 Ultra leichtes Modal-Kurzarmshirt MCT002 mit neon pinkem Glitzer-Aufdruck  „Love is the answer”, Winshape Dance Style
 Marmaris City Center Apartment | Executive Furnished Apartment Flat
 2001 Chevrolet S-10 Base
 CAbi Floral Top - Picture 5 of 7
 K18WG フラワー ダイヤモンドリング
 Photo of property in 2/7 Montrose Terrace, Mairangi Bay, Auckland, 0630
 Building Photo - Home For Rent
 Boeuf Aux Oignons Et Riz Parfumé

+++

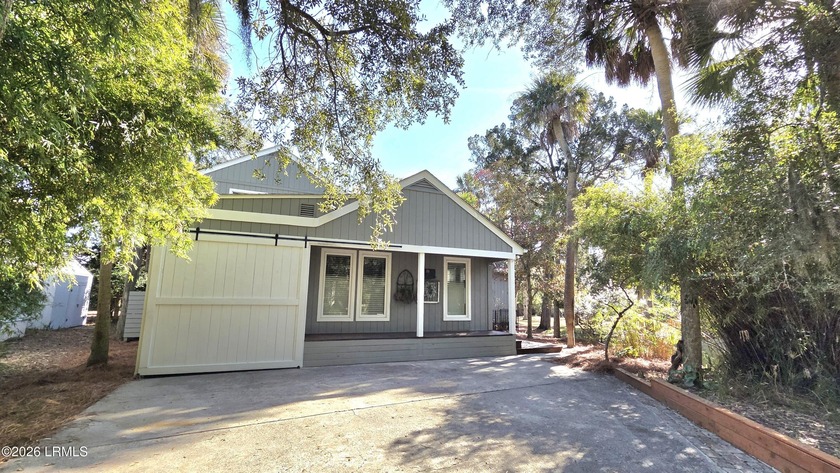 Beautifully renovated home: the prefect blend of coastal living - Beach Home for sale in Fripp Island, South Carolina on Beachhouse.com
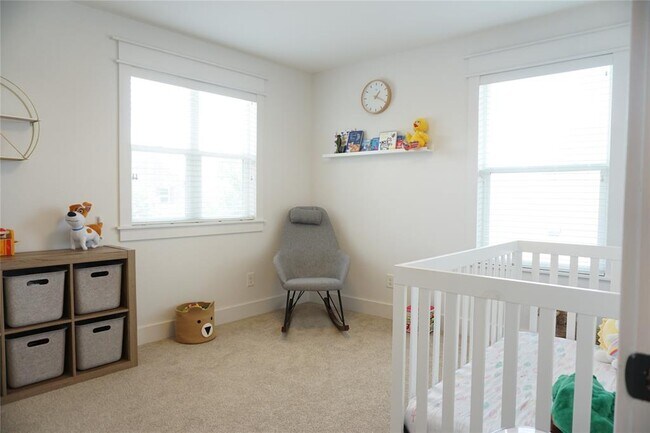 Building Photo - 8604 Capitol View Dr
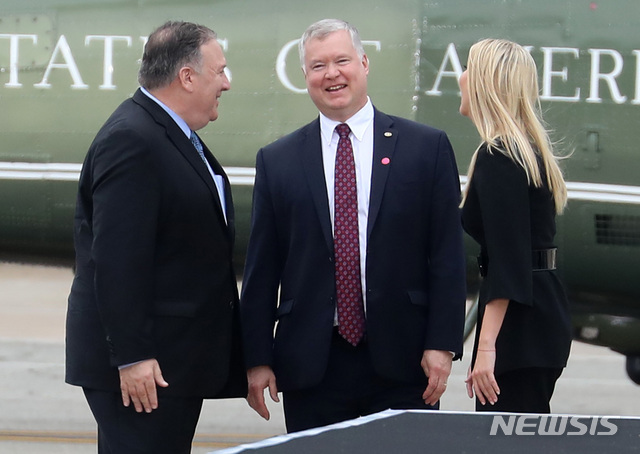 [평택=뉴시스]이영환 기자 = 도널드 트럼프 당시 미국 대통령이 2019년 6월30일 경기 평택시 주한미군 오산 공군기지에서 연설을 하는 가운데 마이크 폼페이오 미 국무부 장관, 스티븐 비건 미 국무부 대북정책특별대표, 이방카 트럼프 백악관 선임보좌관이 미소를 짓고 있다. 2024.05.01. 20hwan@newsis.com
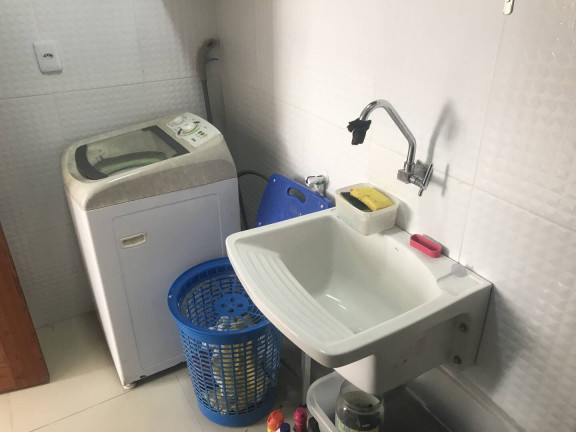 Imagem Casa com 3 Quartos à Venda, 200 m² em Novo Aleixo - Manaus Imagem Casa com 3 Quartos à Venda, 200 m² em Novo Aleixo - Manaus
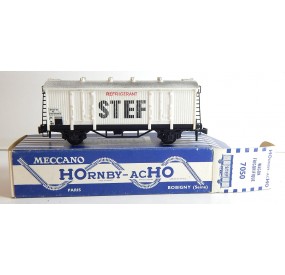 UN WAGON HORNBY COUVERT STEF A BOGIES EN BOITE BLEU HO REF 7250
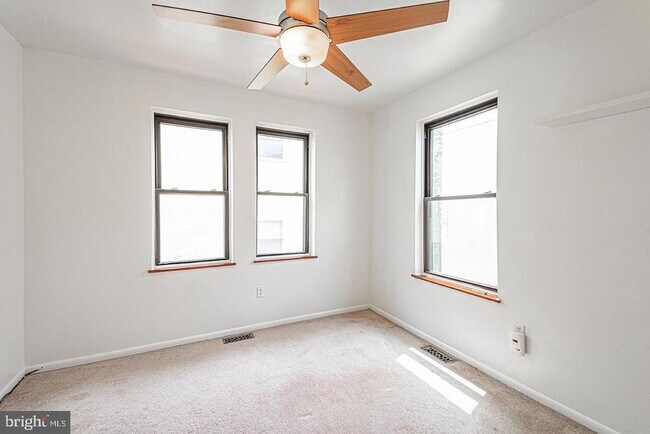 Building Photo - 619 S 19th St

+++

### [Task item]
Using the records above, restate word for word the lines from the one with "Ultra leichtes Modal-Kurzarmshirt" through the one with "K18WG フラワー ダイヤモンドリング", both included.

### [Output for this task]
 Ultra leichtes Modal-Kurzarmshirt MCT002 mit neon pinkem Glitzer-Aufdruck  „Love is the answer”, Winshape Dance Style
 Marmaris City Center Apartment | Executive Furnished Apartment Flat
 2001 Chevrolet S-10 Base
 CAbi Floral Top - Picture 5 of 7
 K18WG フラワー ダイヤモンドリング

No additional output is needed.